FCC Vertical Integration Study
Client: Comcast (via Wiley, Rein)
In April 2007, the Federal Communications Commission posted a study of vertical integration in the cable television industry that reported the results of an econometric analysis of the industry. The paper, authored by prominent University of Chicago economist Austan Goolsbee and funded by the Commission, produced evidence said to suggest that cable TV operators favored their own content services, loading program line-ups with their own program networks, even when that programming was not preferred by customers.
Comcast, the largest U.S. cable operator, asked Arlington Economics to review the FCC’s study and to offer an independent evaluation. Thomas Hazlett, the author of “Cable Television” Chapter in the Handbook of Telecommunications Economics (2006) and co-author of Public Policy Toward Cable Television (MIT Press, 1997), took the assignment. The FCC paper by Prof. Goolsbee is available here. Hazlett’s White Paper was filed at the FCC on Oct. 22, 2007, and is available here.
There was much that the paper found compelling in the FCC analysis. Data presented therein revealed that cable TV programming networks have been growing rapidly in recent years, with the total number of national satellite-distributed channels increasing by “359 in the ten years from 1996 to 2005,” with “independent networks [making] up 311 of that 359, vertically integrated networks only 48.” Such gains dramatically expanded viewer choice, a productive outcome driven by the aggressive expansion of channel capacity undertaken cable TV operators. Interestingly, these developments have been accompanied by a substantial decline in vertical integration – the ownership of program networks by cable TV system operators – in recent years.
The two econometric analyses undertaken in the FCC paper were more problematic. The first purported to show that cable TV networks owned by cable TV system operators were no more profitable, or efficient, than non-integrated networks. The statistical test was not well designed, however, and policy conclusions were warranted. For instance, in the FCC paper, the 1996 acquisition of Turner Broadcasting (owner of CNN, TBS, TNT and other channels) by Time Warner suggested that vertical integration had reduced efficiency, given that during the years following Turner’s acquisition its sales and profit growth lagged previous results. Yet, the merger was highly favorable to Ted Turner and the investors who launched Turner Broadcasting, who had encountered financial difficulties and – through Time Warner – were happy to avert a take-over by News Corp. Indeed, with Time Warner thwarting News Corp’s attempted takeover of Turner, it launched its own competitor to CNN, Fox News, sparking a highly-competitive rivalry in programming that has produced diverse offerings for viewers.

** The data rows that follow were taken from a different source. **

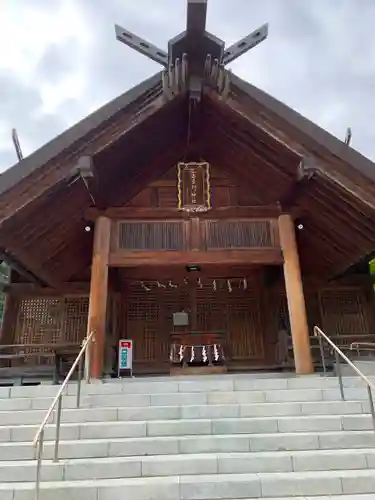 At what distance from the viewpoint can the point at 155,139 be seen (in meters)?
8.80

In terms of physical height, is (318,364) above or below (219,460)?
above

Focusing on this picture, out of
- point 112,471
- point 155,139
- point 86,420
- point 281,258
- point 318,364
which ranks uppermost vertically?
point 155,139

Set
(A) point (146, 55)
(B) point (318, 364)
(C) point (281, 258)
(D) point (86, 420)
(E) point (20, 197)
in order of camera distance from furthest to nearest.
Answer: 1. (B) point (318, 364)
2. (C) point (281, 258)
3. (A) point (146, 55)
4. (E) point (20, 197)
5. (D) point (86, 420)

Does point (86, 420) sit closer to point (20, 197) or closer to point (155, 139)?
point (20, 197)

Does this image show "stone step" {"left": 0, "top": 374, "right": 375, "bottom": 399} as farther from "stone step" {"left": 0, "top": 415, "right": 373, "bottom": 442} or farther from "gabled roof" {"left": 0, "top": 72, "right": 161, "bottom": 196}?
"gabled roof" {"left": 0, "top": 72, "right": 161, "bottom": 196}

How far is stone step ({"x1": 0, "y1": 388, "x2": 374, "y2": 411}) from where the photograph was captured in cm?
538

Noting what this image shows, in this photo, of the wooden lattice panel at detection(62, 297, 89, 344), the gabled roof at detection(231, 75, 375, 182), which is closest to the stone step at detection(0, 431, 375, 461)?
the gabled roof at detection(231, 75, 375, 182)

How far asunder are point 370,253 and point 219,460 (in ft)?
18.9

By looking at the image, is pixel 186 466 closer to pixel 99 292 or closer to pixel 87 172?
pixel 99 292

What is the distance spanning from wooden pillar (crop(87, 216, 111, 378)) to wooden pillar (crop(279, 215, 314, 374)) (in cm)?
332

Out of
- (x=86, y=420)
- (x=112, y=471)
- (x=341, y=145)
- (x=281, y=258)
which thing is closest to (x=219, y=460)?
(x=112, y=471)

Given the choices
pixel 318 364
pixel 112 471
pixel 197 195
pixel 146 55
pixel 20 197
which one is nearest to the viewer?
pixel 112 471

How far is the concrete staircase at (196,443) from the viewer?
143 inches

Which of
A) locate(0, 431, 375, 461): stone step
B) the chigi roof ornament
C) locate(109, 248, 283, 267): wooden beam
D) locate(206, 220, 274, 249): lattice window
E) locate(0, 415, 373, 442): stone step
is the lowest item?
locate(0, 431, 375, 461): stone step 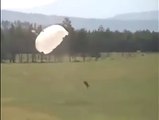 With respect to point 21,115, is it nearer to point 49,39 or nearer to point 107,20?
point 49,39

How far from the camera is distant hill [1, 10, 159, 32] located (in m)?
1.41

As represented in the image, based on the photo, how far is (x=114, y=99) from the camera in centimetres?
154

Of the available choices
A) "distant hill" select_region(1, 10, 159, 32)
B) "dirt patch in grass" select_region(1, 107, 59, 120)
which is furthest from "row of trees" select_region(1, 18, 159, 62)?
"dirt patch in grass" select_region(1, 107, 59, 120)

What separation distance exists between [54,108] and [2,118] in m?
0.23

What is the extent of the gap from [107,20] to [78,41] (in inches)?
6.8

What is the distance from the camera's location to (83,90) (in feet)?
4.90

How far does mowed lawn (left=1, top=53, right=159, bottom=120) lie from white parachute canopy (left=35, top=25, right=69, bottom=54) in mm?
73

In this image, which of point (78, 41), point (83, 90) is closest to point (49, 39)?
point (78, 41)

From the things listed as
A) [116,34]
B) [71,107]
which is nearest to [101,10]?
[116,34]

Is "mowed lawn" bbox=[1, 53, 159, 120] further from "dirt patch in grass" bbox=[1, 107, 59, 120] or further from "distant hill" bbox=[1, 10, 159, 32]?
"distant hill" bbox=[1, 10, 159, 32]

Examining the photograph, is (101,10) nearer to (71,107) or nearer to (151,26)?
(151,26)

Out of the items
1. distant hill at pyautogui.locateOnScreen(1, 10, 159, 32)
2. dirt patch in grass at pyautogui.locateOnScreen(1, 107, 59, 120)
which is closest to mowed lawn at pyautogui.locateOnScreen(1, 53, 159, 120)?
dirt patch in grass at pyautogui.locateOnScreen(1, 107, 59, 120)

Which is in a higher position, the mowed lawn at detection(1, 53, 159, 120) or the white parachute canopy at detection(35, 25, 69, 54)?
the white parachute canopy at detection(35, 25, 69, 54)

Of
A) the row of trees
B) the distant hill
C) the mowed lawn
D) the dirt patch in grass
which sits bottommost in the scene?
the dirt patch in grass
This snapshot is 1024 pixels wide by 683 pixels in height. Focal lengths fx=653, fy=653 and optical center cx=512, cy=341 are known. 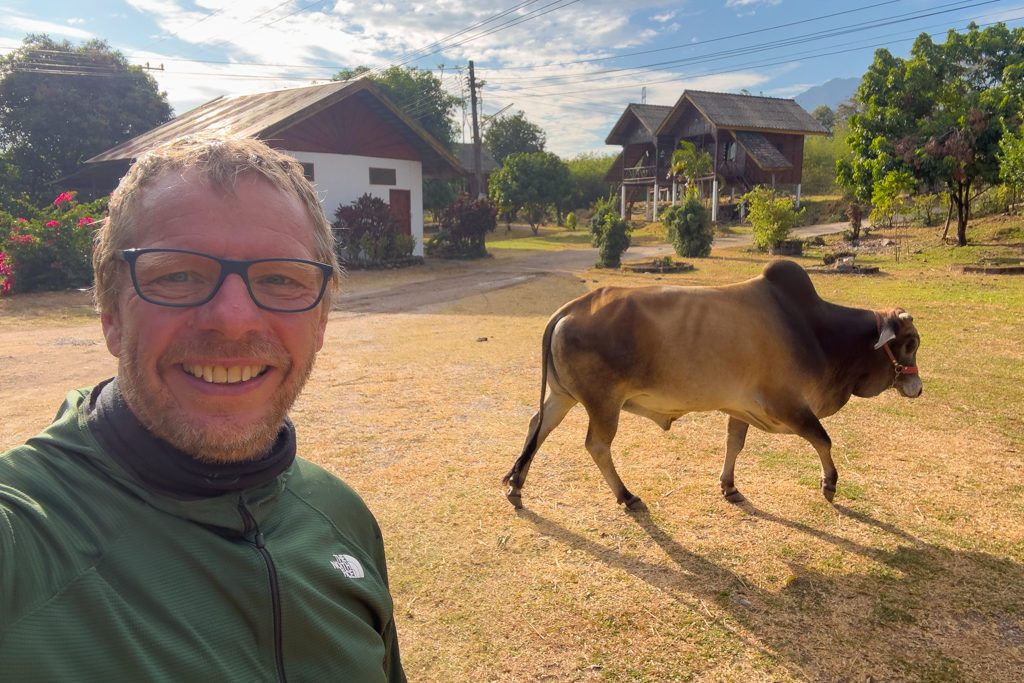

The second econometric study investigated whether cable TV systems favored their own networks when programming their local systems, and if so, if that level of favoritism declined as competition in the local market grew more intense. This test was designed to reveal the degree to which cable operators discriminated against competing network program owners. But it was fundamentally flawed, as shown in the Hazlett White Paper. The variable used to measure competitive intensity was satellite TV subscribership in the area – where more sat TV subscribers were found, the local cable operator was said to face more competition. Satellite TV systems offer uniform prices and services nationwide. Local variations in subscribership levels are not a function of more or less competitive offerings, but of differing levels of cable TV availability (where cable passes fewer homes, a substantially higher percentage of households subscribe to satellite).
Yet, even setting this consideration aside, the reported results in the FCC analysis were extremely revealing. In most cases, cable operators were found to discriminate against their own programming, an implausible result. While the FCC’s paper suggested that regulation might be appropriate to remedy a perceived problem of operator discrimination, it had misconstrued its own findings. The proper interpretation of the FCC’s analysis made clear that the paper had revealed there to be no problem to remedy.